North Tonawanda's Henry Wojtaszek loves to talk about the Republican Party, and he'll have plenty of chances over the next few days.
The Niagara County GOP chairman hits Albany today to help kick off the big meeting of the New York Conservative Party, an important stop for someone with statewide ambitions.
On Tuesday he'll venture across the river to Troy and address the annual Lincoln Day dinner of Rennsalaer County Republicans. Next week it's off to Binghamton for the same routine in Broome County.
Wojtaszek isn't visiting Troy to stock up on Hembold's hot dogs or Binghamton for Lupo's spiedies (a little local color there). The 45-year-old attorney and former Navy officer is laying the groundwork to become state Republican chairman.
"I'll be talking about how we can get on the road back," he said a few days ago. "There have been mistakes. But obviously we've got to get out there and make things happen ourselves."
Indeed, Wojtaszek likes to make things happen. He's earned top-notch reviews for running the Niagara County party. He made a gutsy but futile congressional run against Louise Slaughter back in 2002, and was a serious contender for the GOP nod to succeed Tom Reynolds in Congress last year.
So while he's just a young whippersnapper compared to the Old Guard that runs the state GOP, he arrives with real credentials.
Wojtaszek is quick to talk about finding the right kind of candidate -- the way that Erie County chief Jim Domagalski (a close Wojtaszek ally) has recruited business types with an outside-of-politics view.
"I've learned from Tom Reynolds," he said. "You've got to find a candidate who fits the area. And you can't have a party that almost 'brags' about sending e-mails when you've got Obama out there owning the Internet."
So you can boil his message down to a few words -- modernize and recruit good candidates.
The only problem with all of this is that the state GOP has a chairman -- Joe Mondello of Nassau County and a fixture of Republican politics in New York State. By mastering the hardball ways of the Nassau County GOP for many years, he ranks as an official survivor.
Mondello is oft-criticized for a laid back style that rarely sees him venture beyond Long Island or Albany. And when you come right down to it, state Republicans are not exactly basking in success.
The party lost its last bastion of Albany power -- the Senate -- in 2008. And Democrats control the office of governor, comptroller, attorney general and both senators -- as well as the Legislature.
Combine that with an almost 2.5 million Democratic edge in enrollment across the state, and it doesn't get much worse.
So what does Wojtaszek say about Mondello? The guy who appointed him as vice chairman for upstate affairs?

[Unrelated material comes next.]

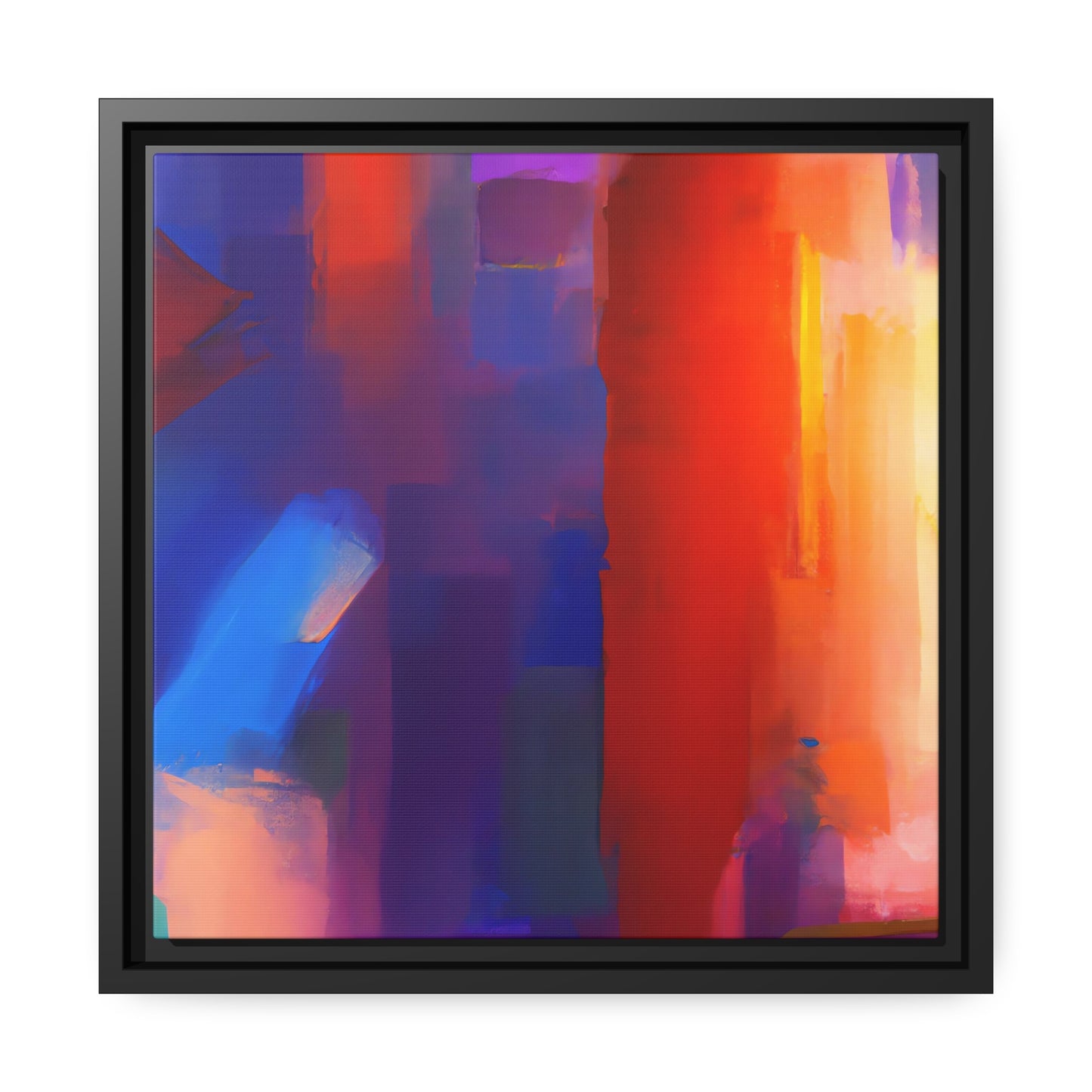 Micah Stone - Framed Canvas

"There is certainly a belief that much more can be done," Wojtaszek deftly answers. "And there's a good blueprint here in Western New York between Jim Domagalski and myself."
Mondello will be up for re-election in September. And while many in the party are grumbling, no Republicans have yet taken to the streets with torches and pitchforks.
And Mondello has taken a number of proactive steps in recent weeks, like appointing a commission to rejuvenate the party and welcoming new Republican National Chairman Michael Steele to Albany last week.
But the Republican Party in New York and nationally seems to be crying for a way out of the wilderness. Mondello may yet be one of those who provides the answers, but it appears that up-and-comers like Wojtaszek will either pressure the Old Guard for new ways -- or attempt to provide them themselves.